Current mayhem in Iraq, 8/13

Al Sadr is wounded or maybe he isn’t. The US has stopped attacking the Mahdi Army and is reportedly engaged in truce talks. This has the warfloggers hopping mad, and if you read their comments you’ll see that the neocons, Likudniks and Arab-haters are fragmenting from the Republican types who are defending Bush from accusations of appeasement and failing to smite the enemy with an iron fist, to hell with the consequences. Sadr has set some conditions to the truce, which triggered new howls of horror from the bomb junkies.
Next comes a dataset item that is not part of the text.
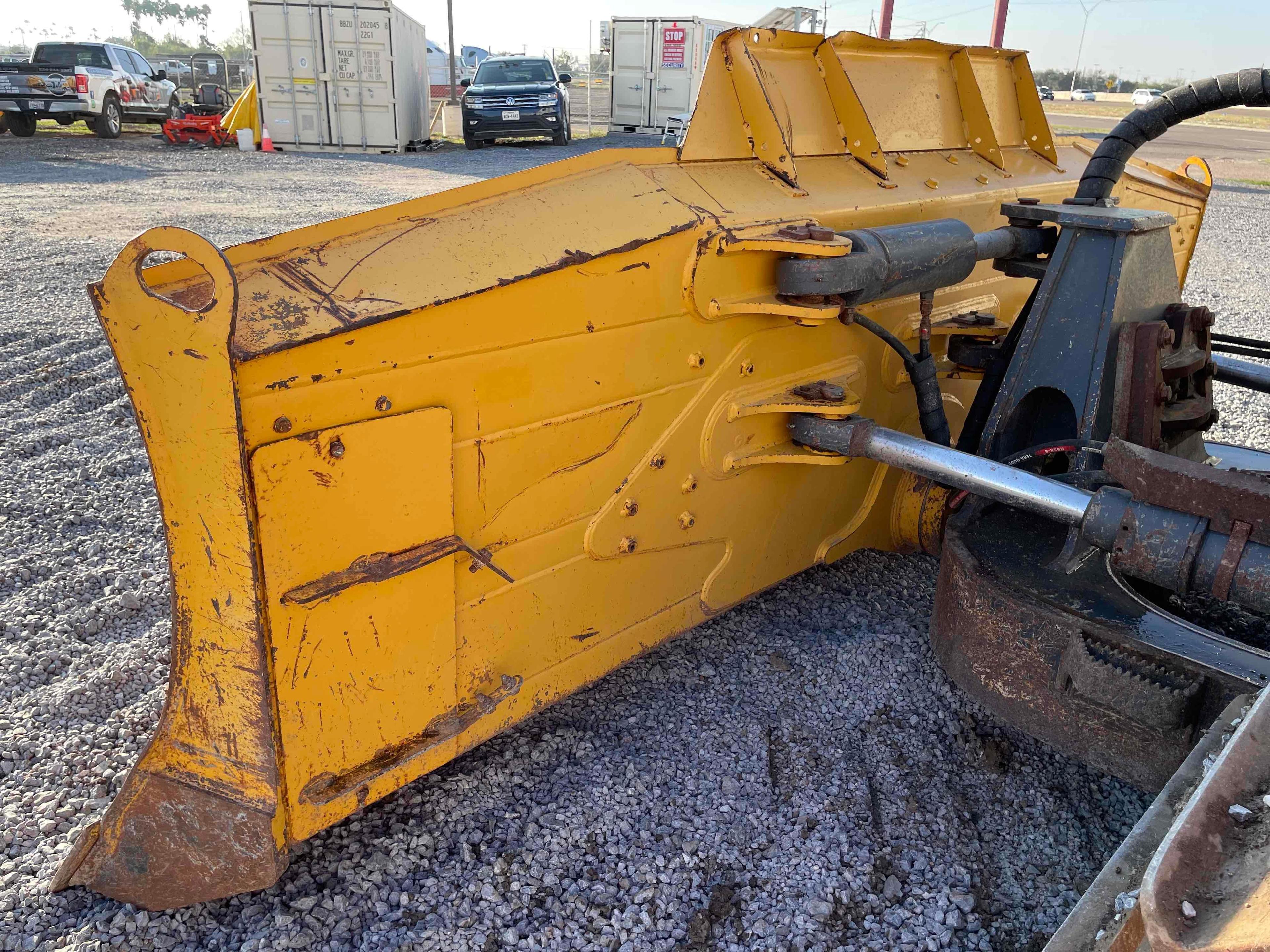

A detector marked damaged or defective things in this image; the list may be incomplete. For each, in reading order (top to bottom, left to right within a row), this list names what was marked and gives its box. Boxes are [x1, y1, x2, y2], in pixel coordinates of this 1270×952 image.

rust streak on blade [283, 533, 510, 607]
So, why did the US back off? If you remember, yesterday the military spokesman started emphasizing that the Marines (aka infidels) weren’t going into the Imam Ali shrine, oh no. The Iraqis were going to do it. What Iraqi would be insane enough to do this, you ask? Well, none of them, apparently. Not even the Kurds. It’s my opinion that once the peshmerga realized they were getting the shrine attack dumped exclusively on them, they backed off, for very good reasons, not least of which is that they were outnumbered.

jamesbrandon

British journalist James Brandon, “I’ve been released thanks to the Mahdi Army, because they intervened and negotiated with the kidnappers.” Those Brits are so polite.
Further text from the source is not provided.